(Collected data entries)
§

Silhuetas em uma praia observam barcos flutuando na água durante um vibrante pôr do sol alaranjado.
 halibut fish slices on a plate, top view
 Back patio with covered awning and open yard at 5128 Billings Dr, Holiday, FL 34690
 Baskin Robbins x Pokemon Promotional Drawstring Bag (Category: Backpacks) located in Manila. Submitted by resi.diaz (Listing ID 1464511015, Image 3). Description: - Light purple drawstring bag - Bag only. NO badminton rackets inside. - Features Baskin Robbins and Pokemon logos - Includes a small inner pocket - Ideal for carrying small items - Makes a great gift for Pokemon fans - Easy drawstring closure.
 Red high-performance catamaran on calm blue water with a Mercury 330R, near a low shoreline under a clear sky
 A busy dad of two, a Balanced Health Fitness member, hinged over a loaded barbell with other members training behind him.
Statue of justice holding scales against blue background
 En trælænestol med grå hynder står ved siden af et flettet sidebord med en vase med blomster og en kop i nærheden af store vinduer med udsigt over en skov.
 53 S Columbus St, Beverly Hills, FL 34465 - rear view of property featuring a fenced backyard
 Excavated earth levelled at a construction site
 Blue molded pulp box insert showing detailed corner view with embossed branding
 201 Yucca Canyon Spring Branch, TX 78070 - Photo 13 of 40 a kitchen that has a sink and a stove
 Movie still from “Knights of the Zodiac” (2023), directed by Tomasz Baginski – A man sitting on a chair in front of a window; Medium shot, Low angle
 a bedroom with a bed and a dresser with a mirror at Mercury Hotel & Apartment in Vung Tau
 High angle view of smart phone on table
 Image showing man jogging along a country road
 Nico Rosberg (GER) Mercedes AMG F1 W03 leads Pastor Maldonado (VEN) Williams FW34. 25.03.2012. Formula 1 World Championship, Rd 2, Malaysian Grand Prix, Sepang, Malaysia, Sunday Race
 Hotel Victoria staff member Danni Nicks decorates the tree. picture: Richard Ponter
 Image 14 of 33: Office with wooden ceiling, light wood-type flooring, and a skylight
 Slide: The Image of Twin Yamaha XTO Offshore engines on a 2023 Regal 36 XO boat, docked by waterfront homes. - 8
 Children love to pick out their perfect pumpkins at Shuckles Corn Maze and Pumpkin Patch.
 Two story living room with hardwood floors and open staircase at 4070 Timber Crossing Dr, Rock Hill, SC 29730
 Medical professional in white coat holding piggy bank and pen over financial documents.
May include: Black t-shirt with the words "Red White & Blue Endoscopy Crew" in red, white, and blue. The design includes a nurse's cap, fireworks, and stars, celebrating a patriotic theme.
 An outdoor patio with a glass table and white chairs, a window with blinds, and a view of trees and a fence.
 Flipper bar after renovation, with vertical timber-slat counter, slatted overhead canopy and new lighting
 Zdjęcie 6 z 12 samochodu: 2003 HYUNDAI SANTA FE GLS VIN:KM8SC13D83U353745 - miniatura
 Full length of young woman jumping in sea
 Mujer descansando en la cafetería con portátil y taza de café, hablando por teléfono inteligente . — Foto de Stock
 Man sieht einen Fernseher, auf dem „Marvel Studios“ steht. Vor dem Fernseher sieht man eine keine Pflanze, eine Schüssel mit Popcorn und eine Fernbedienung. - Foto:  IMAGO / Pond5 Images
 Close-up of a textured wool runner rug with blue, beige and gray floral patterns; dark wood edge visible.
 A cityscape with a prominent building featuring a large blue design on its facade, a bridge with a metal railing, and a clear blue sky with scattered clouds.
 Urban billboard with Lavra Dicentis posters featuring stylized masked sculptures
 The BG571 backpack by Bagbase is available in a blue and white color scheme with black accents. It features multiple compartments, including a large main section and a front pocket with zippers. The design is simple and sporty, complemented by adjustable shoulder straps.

§

What to work on:
Please give an exact copy of the lines above, beginning with the line containing "Movie still from" and running through the line containing "Image 14 of", and of no other lines.

Solution to the exercise:
 Movie still from “Knights of the Zodiac” (2023), directed by Tomasz Baginski – A man sitting on a chair in front of a window; Medium shot, Low angle
 a bedroom with a bed and a dresser with a mirror at Mercury Hotel & Apartment in Vung Tau
 High angle view of smart phone on table
 Image showing man jogging along a country road
 Nico Rosberg (GER) Mercedes AMG F1 W03 leads Pastor Maldonado (VEN) Williams FW34. 25.03.2012. Formula 1 World Championship, Rd 2, Malaysian Grand Prix, Sepang, Malaysia, Sunday Race
 Hotel Victoria staff member Danni Nicks decorates the tree. picture: Richard Ponter
 Image 14 of 33: Office with wooden ceiling, light wood-type flooring, and a skylight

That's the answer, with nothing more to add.